# Let's see your collections



## you'llshootyereyeout (Apr 5, 2014)

I though it would be cool to see everybody's knife collections. I'll start. Mine is not extensive but it's been with me for a while. I've had the Cold Steel "defender" (I think) push dagger since about '94 and the Spyderco "Native" since '96. Aside from the push dagger and the auto Benchmade I carry the others regularly.

The display rack is a shadow box I made to fit a cheap picture frame I got at Target. Frames like this tend to have poor or no joinery. This one is secured with corrugated metal cleats. The advantage here is you can counter sink some magnets into the corners of the shadow box to keep the lid closed without any visible fasteners I had to add the rubber bands because the display is mounted next to a door and my children believe that all doors must be slammed each and every time they are used. The box was cheap and easy to make so I'll prob make another one with magnetic keepers.


----------



## bigron (Nov 29, 2012)

very nice collection :headbang:


----------



## Blade (Jun 5, 2014)

Nice! Whats the Kershaw with the skull on it?

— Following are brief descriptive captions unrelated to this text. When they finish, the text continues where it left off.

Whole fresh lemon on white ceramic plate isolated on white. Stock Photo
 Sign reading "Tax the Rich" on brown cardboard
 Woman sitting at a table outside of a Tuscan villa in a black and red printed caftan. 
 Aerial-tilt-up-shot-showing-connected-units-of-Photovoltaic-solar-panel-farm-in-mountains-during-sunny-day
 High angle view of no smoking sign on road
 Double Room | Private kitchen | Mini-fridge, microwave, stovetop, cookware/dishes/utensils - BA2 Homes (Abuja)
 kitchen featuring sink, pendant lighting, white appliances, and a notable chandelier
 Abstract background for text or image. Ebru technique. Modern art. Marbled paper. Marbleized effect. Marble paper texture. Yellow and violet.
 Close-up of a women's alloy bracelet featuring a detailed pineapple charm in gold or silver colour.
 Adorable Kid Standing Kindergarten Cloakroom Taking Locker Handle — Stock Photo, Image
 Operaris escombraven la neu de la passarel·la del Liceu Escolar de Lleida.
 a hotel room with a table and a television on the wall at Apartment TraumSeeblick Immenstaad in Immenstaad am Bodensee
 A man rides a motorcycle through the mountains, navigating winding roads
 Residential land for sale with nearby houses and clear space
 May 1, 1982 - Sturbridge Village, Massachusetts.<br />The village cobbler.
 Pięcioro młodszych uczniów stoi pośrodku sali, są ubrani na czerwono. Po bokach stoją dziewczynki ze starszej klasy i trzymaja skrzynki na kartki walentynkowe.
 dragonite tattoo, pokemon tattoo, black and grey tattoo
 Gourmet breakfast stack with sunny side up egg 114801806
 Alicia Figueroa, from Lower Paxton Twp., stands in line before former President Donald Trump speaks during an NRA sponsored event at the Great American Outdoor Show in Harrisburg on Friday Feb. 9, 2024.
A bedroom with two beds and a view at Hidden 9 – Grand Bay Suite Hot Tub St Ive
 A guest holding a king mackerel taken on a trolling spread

Among my favorites that I own are my GEC#47 viper in OD green micarta (currently misplaced:angry: I'm really mad about this) and my benchmade 710(profile pic). And everybody (*should*) have tramontinas, opinels and moras


----------



## you'llshootyereyeout (Apr 5, 2014)

Blade said:


> Nice! Whats the Kershaw with the skull on it?
> Among my favorites that I own are my GEC#47 viper in OD green micarta (currently misplaced:angry: I'm really mad about this) and my benchmade 710(profile pic). And everybody (*should*) have tramontinas, opinels and moras


That is the ken onion shallot. The spyderco on top is a non-locking model. Never seen that before.

My kitchen setup ain't too bad either. Global, Wüsthof, and a Case XX cleaver.


----------



## Blade (Jun 5, 2014)

Two spyderco slipjoints that come to mind are the pingo and ukpk. What model is the one you have? I don't recognize it.


----------



## you'llshootyereyeout (Apr 5, 2014)

Think it's called the UK Pen knife


----------



## Blade (Jun 5, 2014)

Oh I had to look it up. It looks like you've got a first generation. Cool! Ive only seen the current versions of the ukpk before.


----------



## AlmightyOx (Mar 4, 2013)

Nice collection buddy. I would love to see some more action in this thread. I have been away from the forums (both slingshot and blade) for a while because I have recently become a father! My adorable little girl it's 10 weeks old now . I don't have a fancy display case yet, but I will be sure to post pics as soon as I can. My current collection consists of:

A buck 110
A buck 112
Benchmade Griptilian
Benchmade Barrage
CRKT Nirk Tighe
CRKT Mini Nirk Tighe
Kershaw Strobe
Kershaw Skyline in Damascus

And many more. 
LET'S SEE SOME MORE COLLECTIONS!


----------



## Bali-Flipper32 (Aug 13, 2014)

I am an avid knife collector and user. Knives are my main hobby followed by slinghsots and fishing. Ill post my most used and best (quality) knives. In total I have well over 120 knives.


----------



## you'llshootyereyeout (Apr 5, 2014)

I'm drooling over them Chris Reves knives!!! That Mel Pardue Benchmade was the other nice I was considering buying last week. Ended up going with the 940 Osborne axis. Great collection.


----------



## nike (Oct 26, 2013)

good collection


----------



## SmilingFury (Jul 2, 2013)

Bali-Flipper32 said:


> I am an avid knife collector and user. Knives are my main hobby followed by slinghsots and fishing. Ill post my most used and best (quality) knives. In total I have well over 120 knives.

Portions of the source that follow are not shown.